Fermare il ballo col diavolo

di Ezio Mauro

Non è un innocuo premio alla carriera concesso a un vecchio protagonista ormai sul viale del tramonto, questa candidatura di Silvio Berlusconi al Quirinale, prima e per il momento unica scelta del centrodestra improvvisamente compatto a una settimana dal voto. È al contrario una scelta politica con un significato preciso che rischia – nel caso in cui dovesse realizzarsi – di produrre effetti di lungo periodo sull’intero sistema repubblicano. Quasi trent’anni dopo la “discesa in campo” da Arcore a Roma la trasfigurazione del Cavaliere a Capo dello Stato rappresenta infatti la definitiva prevalenza dell’ideologia sulla storia, che può essere rovesciata, vilipesa o semplicemente ignorata per insediare al vertice del Paese un nuovo esperimento di potere, in lotta non con la sinistra ma con la realtà.


L’immagine del caimano che si trasforma in animale domestico per la grazia di Stato del Quirinale è infatti l’ultimo inganno, il packaging propagandistico che contrabbanda la presidenza come un pensionamento d’onore, senza più armi e munizioni, trasformando il guerriero che ha diviso l’Italia in un mansueto pater familias dell’intera nazione, custode dei Lari e dei Penati di una tradizione condivisa e della loro sacra protezione per tutti, anche i tradizionali avversari, molto spesso in questi anni trasformati in nemici. Certamente Berlusconi, che è prima di tutto un attore interprete di se stesso, saprebbe arricchire le contraddizioni del suo repertorio mimando anche il ruolo del super partes, quando gli conviene. Ma non è questo il punto, perché oggi ciò che conta è il significato della candidatura, il suo nucleo concettuale, dunque la sua portata e la sua ambizione. E tutto questo può essere riassunto in una formula: Berlusconi non viene scelto dal centrodestra e indicato per il Quirinale “nonostante” la sua anomalia, ma “per” questa anomalia intrinseca alla sua figura, dunque insuperabile perché connaturata al personaggio, anzi costitutiva del suo agire pubblico. Talmente intrinseca – un intreccio di conflitto d’interessi, strapotere economico, dismisura mediatica – che ha impedito la trasmissione del comando a un delfino o comunque l’individuazione di un successore, al punto da ipotizzare come unico radicale rimedio la soluzione dinastica, che consentirebbe di consegnare all’erede di famiglia il comando indiviso e l’anomalia, intatta.

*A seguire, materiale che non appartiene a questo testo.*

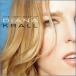 Diana Krall The Very Best of Diana Krall CD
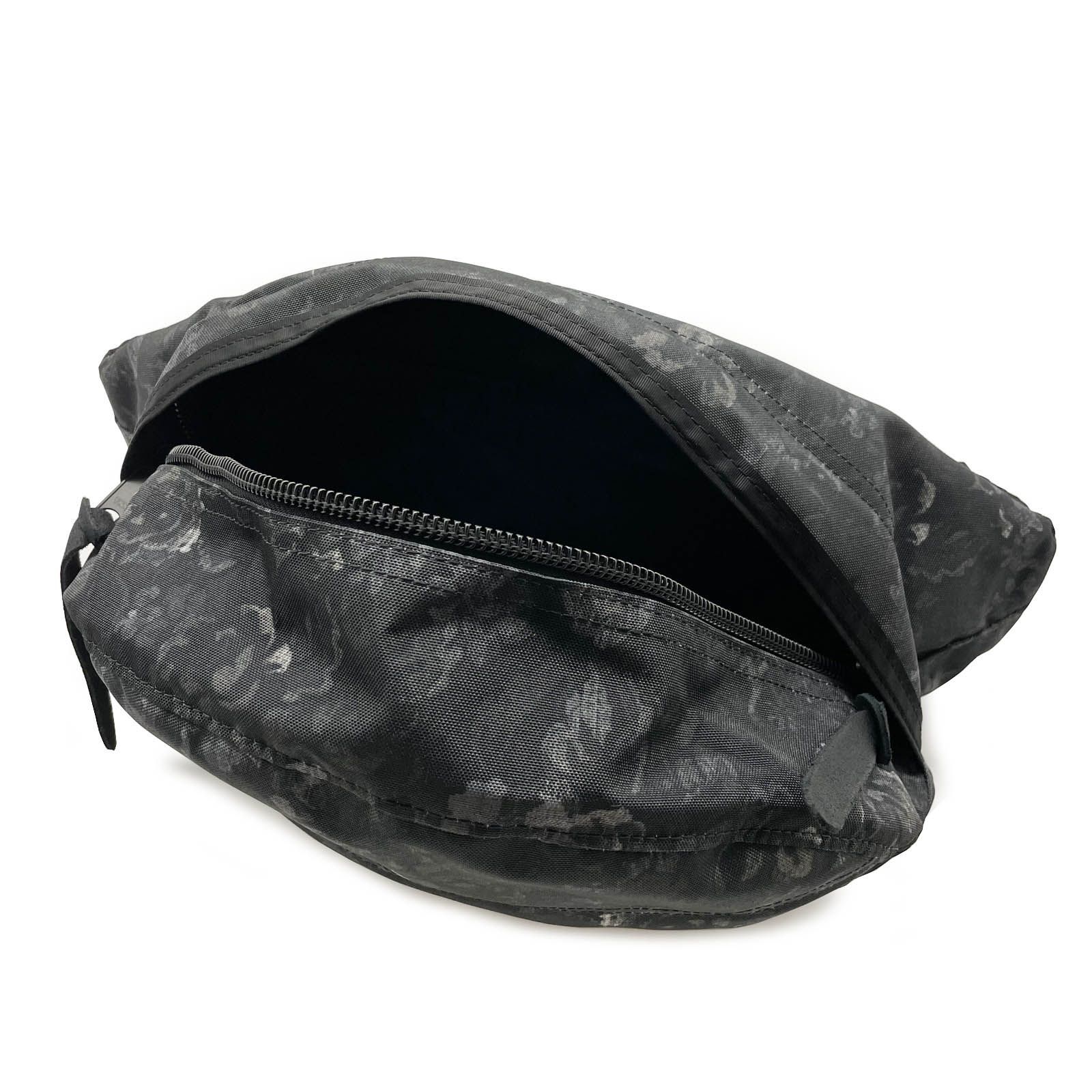 新商品が続々! GREGORY グレゴリーTAILMATE S V2 花柄 ウエストバッグ ボディバッグ 119652 7535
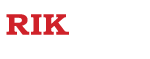 Rikard Developments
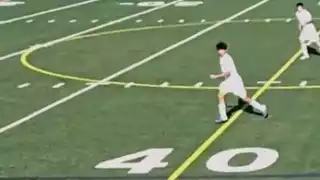 player 18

È impossibile che leader politici esperti come quelli che guidano il centrodestra non vedano l’irrazionalità della scelta di candidare questa anomalia alla suprema magistratura repubblicana, l’inopportunità di far rappresentare l’Italia dentro il Paese e fuori da un pregiudicato, la singolarità di questa selezione rispetto alle qualità richieste dal ruolo: saggezza, prudenza, decoro, rispetto delle leggi, difesa dell’unità nazionale, scrupolo costituzionale. Il contrasto tra la regola, la tradizione e il nome di Berlusconi è evidente, soprattutto all’estero, tra gli osservatori non sedati dalla propaganda massiccia di questi decenni e dalla deformazione ideologica operata costantemente nel nostro Paese sulla realtà. L’indicazione di Berlusconi è dunque stata fatta con perfetta coscienza di queste riserve e di queste obiezioni. Potremmo aggiungere che quell’indicazione è stata fatta al di là delle convenienze apparenti, immediate del centrodestra, che ha deciso di lanciare un nome evidentemente controverso, imboccando una strada in salita.